SIU spots merit in probing more Bosasa, govt contracts
Five people, including former Bosasa boss Angelo Agrizzi, appeared in court on Wednesday on charges of corruption, money laundering and fraud.
JOHANNESBURG - The Special Investigating Unit ( SIU) says given the damning evidence coming out the state capture commission, it’s considering asking the president to authorise more investigations into dodgy contracts Bosasa entered into with government departments.
Five people, including former Bosasa boss Angelo Agrizzi, appeared before the Specialised Commercial Crimes Court in Pretoria on Wednesday on charges of corruption, money laundering and fraud.
WATCH: Agrizzi, four others granted bail in Bosasa corruption case
They're accused of involvement in the misappropriation of R1.6 billion in tenders awarded to facilities company Bosasa by the Correctional Services Department.

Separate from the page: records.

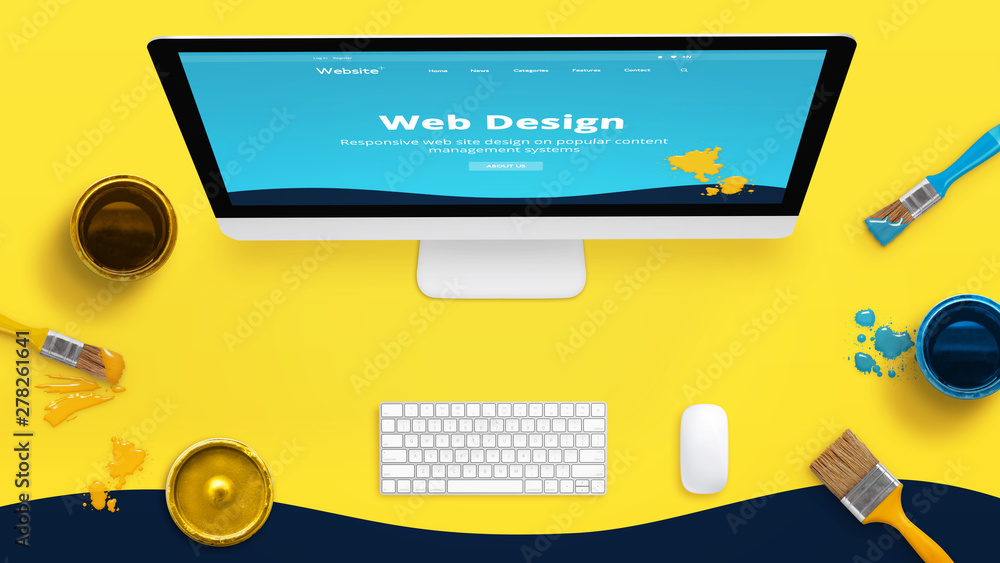 Poster Creative yellow web design studio desk with color brushes and boxes and painted web theme layout on a computer display.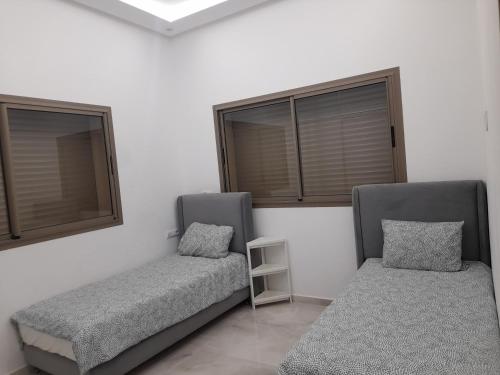 two beds in a room with two windows at Villa Mimouche in Taroudant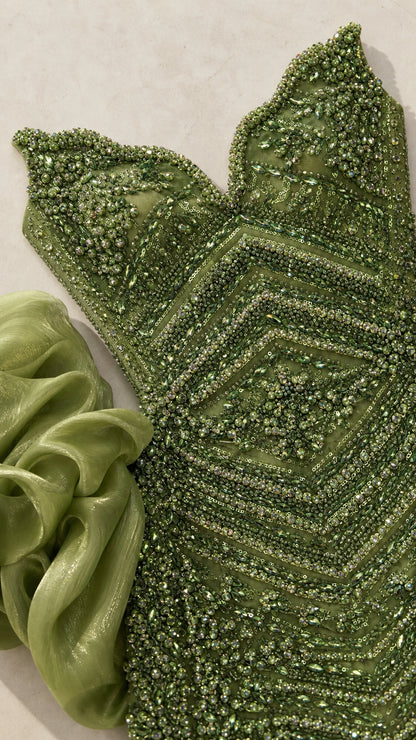 Close-up detail of geometric beadwork and organza ruffle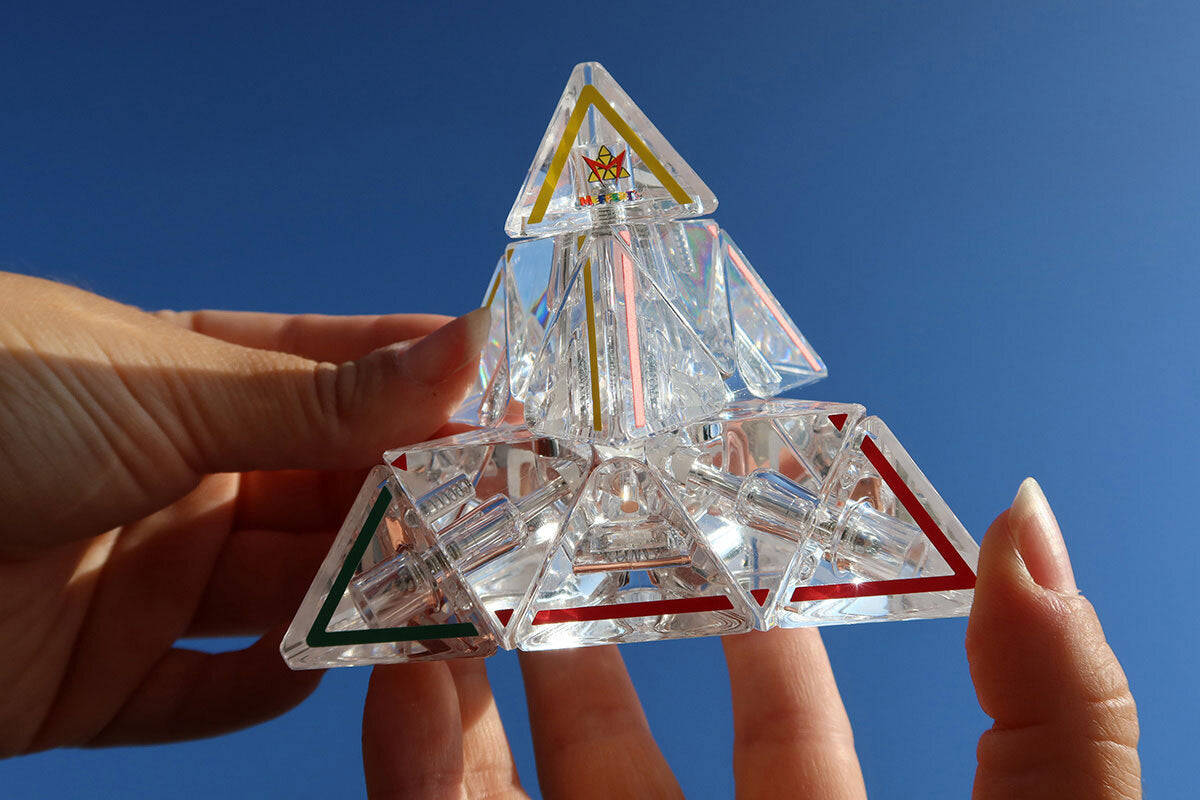 Transparenter, geometrischer Kristall mit bunten Linien, gehalten gegen blauen Himmel.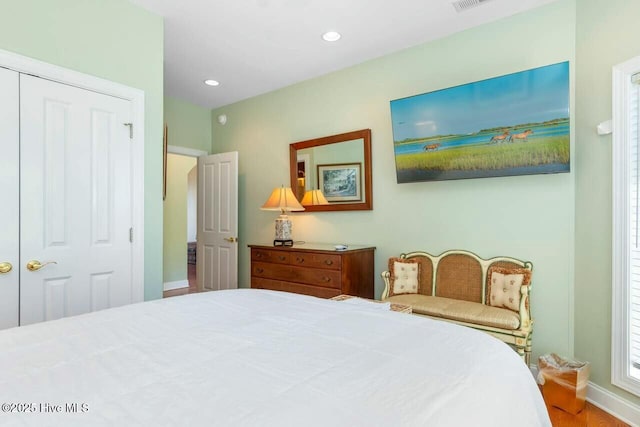 bedroom with wood-type flooring and a closet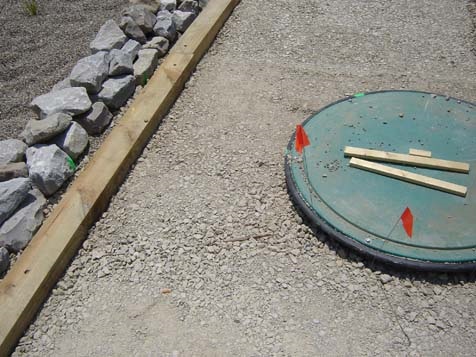 Klingstone base prepared around manhole cover.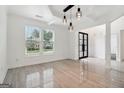 Elegant dining room with stylish lighting, tiled floors, and views of the landscaped yard at 4186 Matisse Ln, Fairburn, GA 30213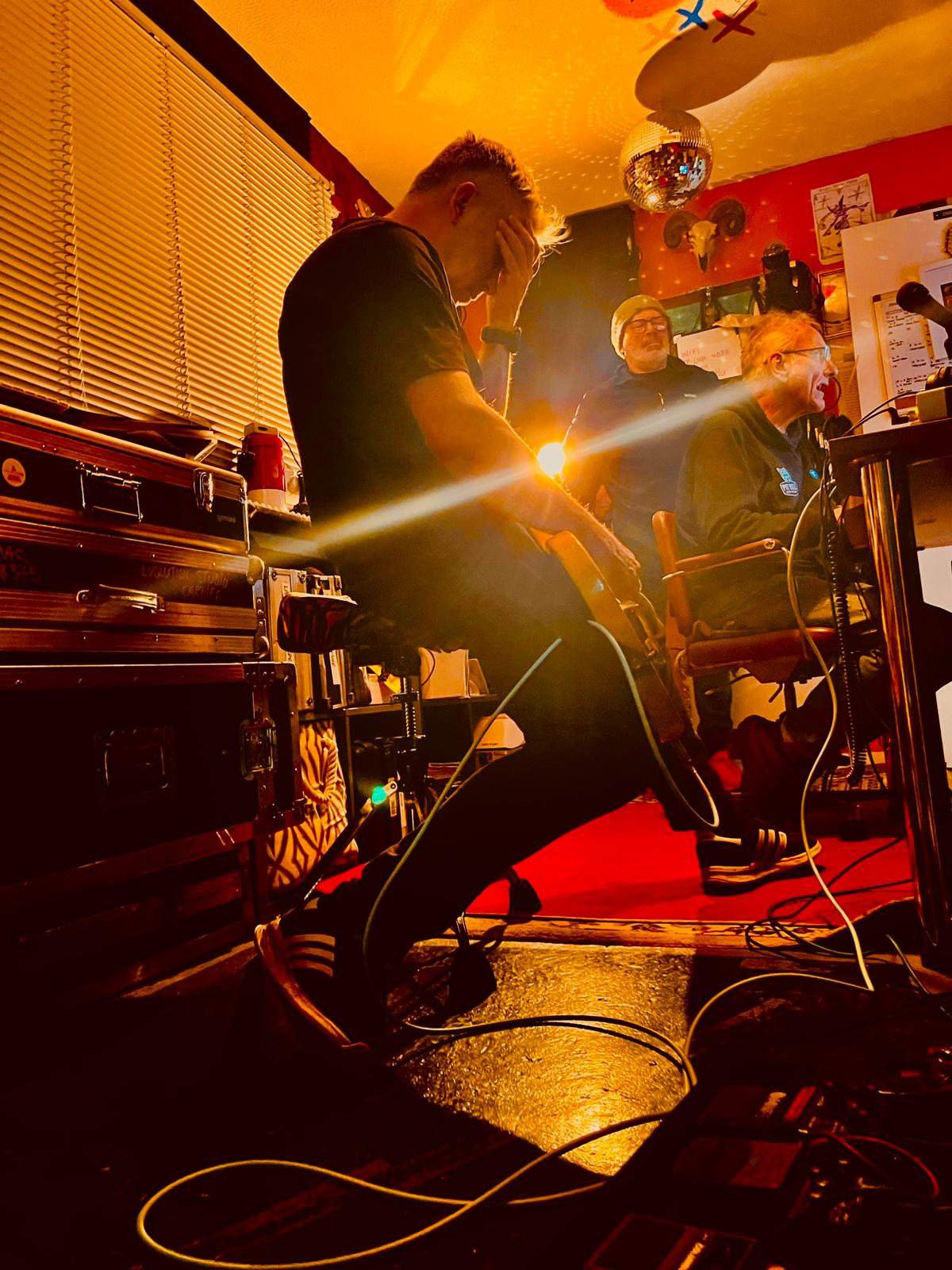 Guitarist seated in control room while producer and engineer listen back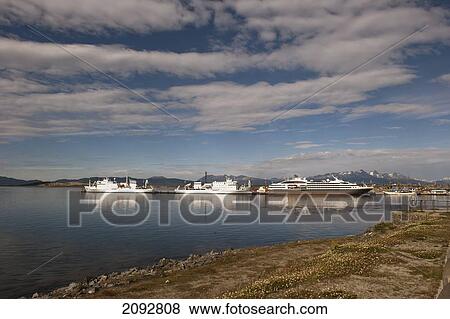 Ships In The Harbour; Ushuaia, Tierra Del Fuego, Argentina View Large Photo Image Stock Photo - Ships In The Harbour; Ushuaia, Tierra Del Fuego, Argentina. Fotosearch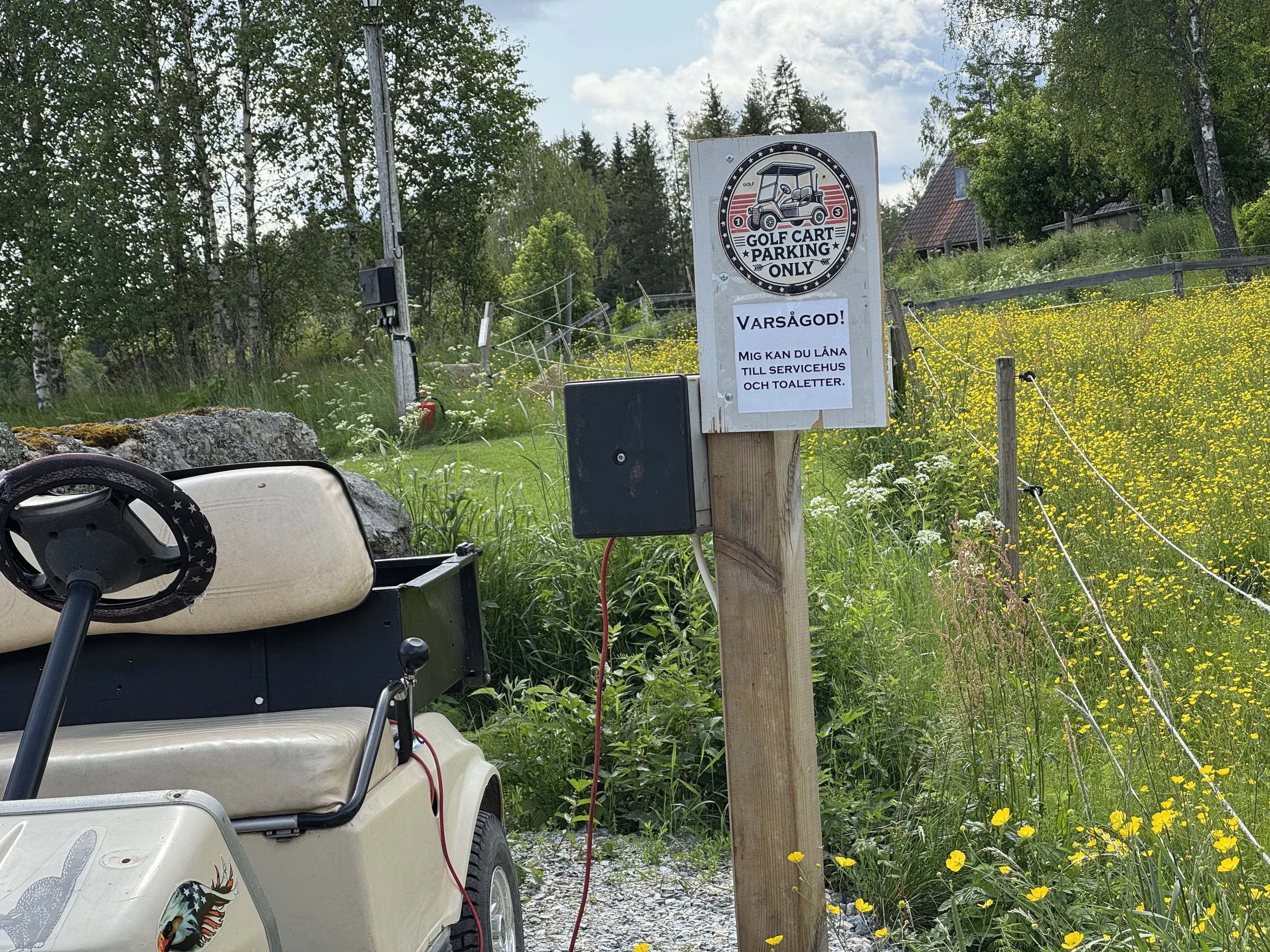 Skylt som anger att golfbilen kan lånas till servicehus och toaletter. Golfbil står bredvid skylten i ett grönområde med blommor.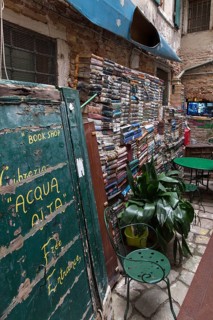 Stacked books on a wall after flood damage in a bookstore, Venice, Veneto, Italy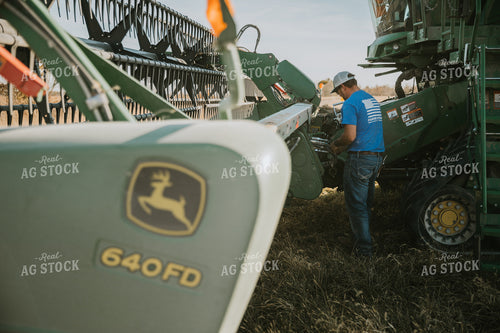 Farmer Attaching Combine Head 7089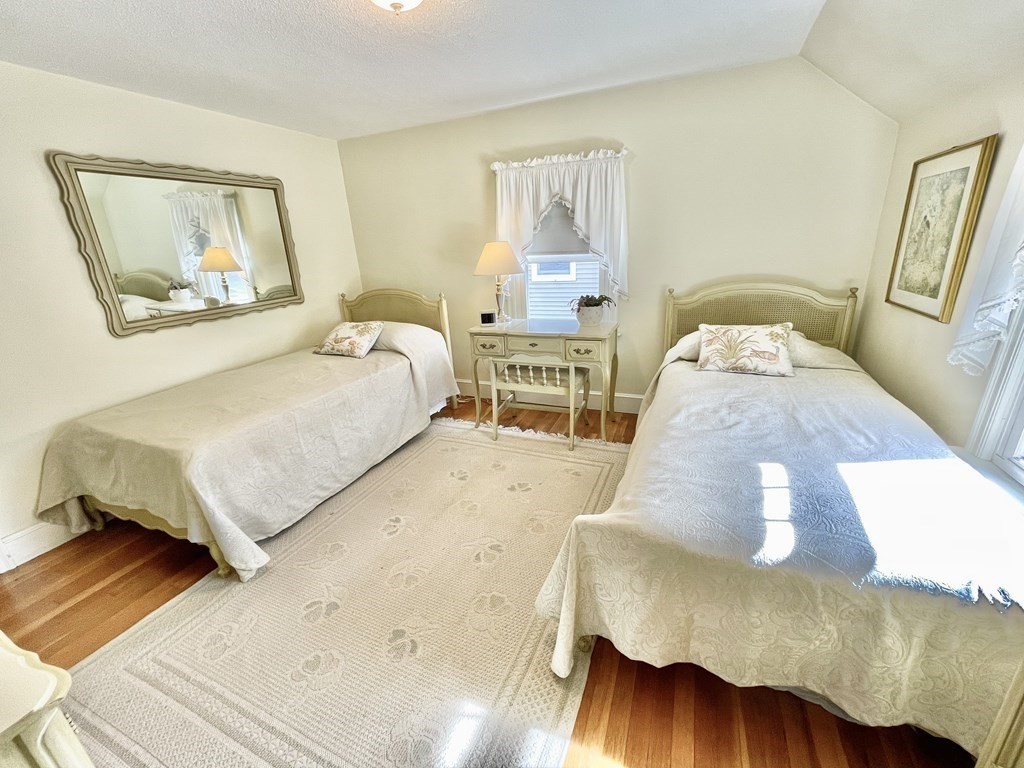 89 Wexford Street Springfield, MA 01118 - Photo 24 of 38 a bedroom with a bed and wooden floor
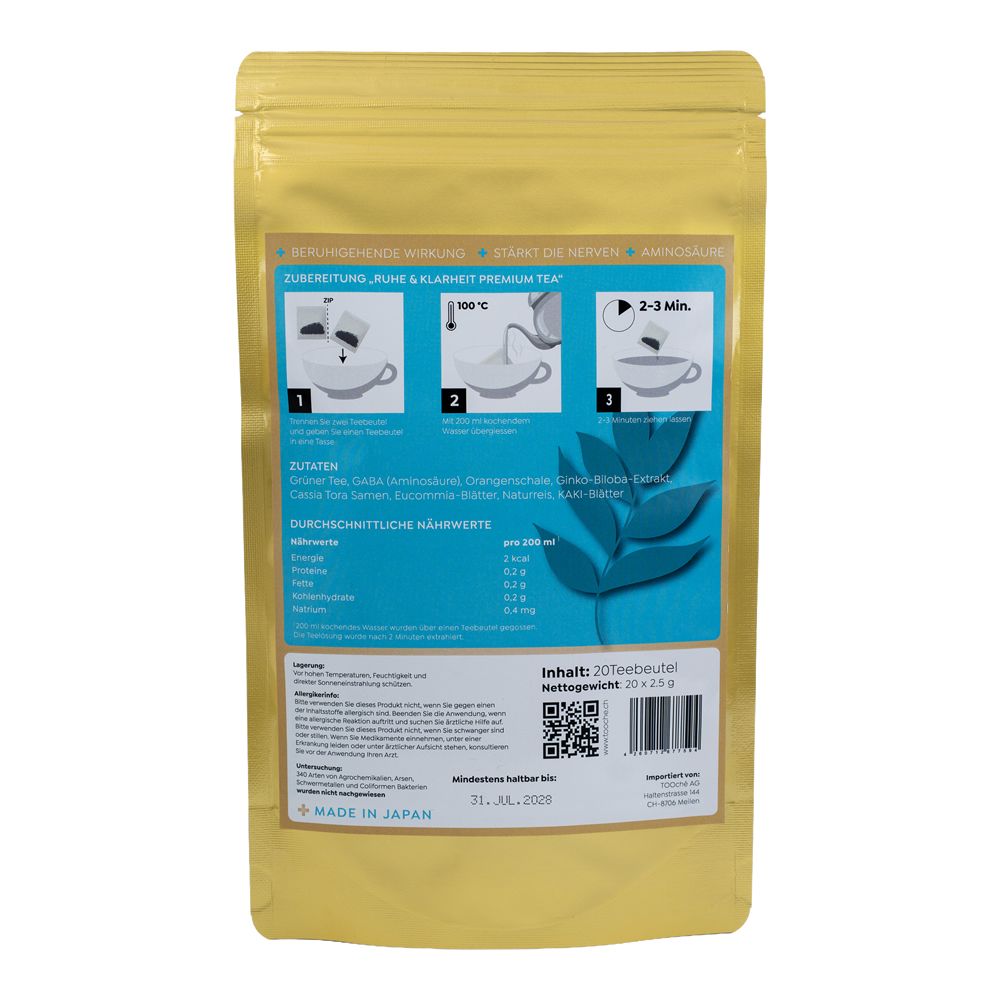 Rückseite der goldfarbenen Verpackung. Enthält Informationen zu Zutaten, Nährwerten und Zubereitung. Text: "Ruhe & Klarheit Premium Tea".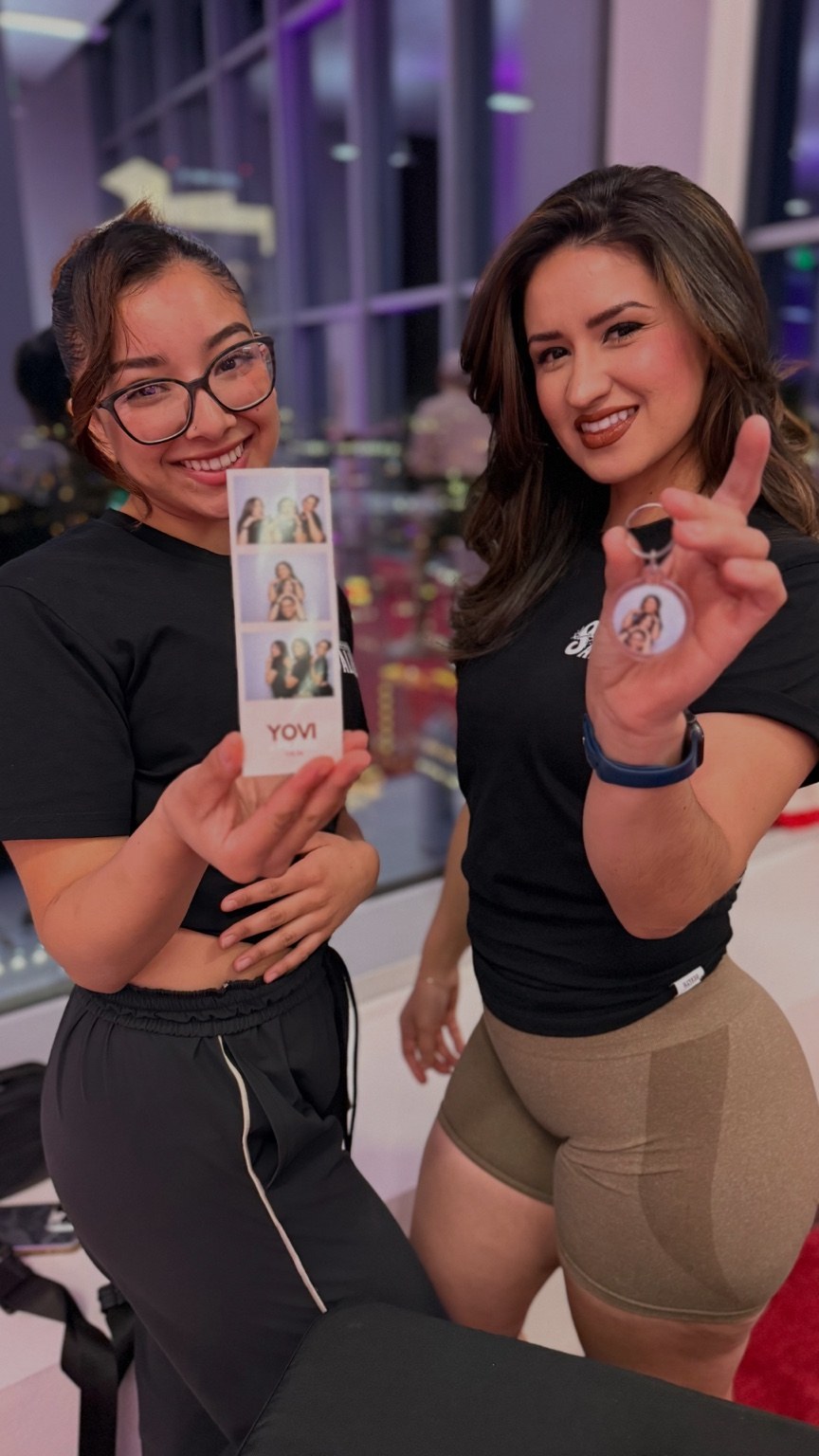 Guests showing their photo keychain and strip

The SIU’s Andy Mothibi says the unit is closely monitoring all evidence at the Zondo Commission.
“There are various contracts Bosasa entered into across government. The evidence indicates that there may be merit from looking into all those contracts.”
The SIU has also welcomed the arrests of the five men. Mothibi says this will send a strong message to those involved in corruption.
SIU spokesperson Nazreen Pandor adds: “The SIU welcomes the action by the Hawks for arresting those fingered in the SIU investigation which is almost a decade ago.”
The arrests follow Agrizzi’s testimony at the commission probing corruption, as well as the establishment teams – assigned by the Hawks and the National Prosecuting Authority – to solely focus on the evidence shared.
Agrizzi’s explosive testimony at the commission implicated former South African Airways board chair Dudu Myeni and the African National Congress (ANC) in corruption and bribery, amongst others. Eyewitness News understands that the Hawks and the NPA have been in talks with Agrizzi from November last year already.
Agrizzi claimed that Bosasa, now called the African Global Group, laundered money and used to pay bribes of up to R6 million every month.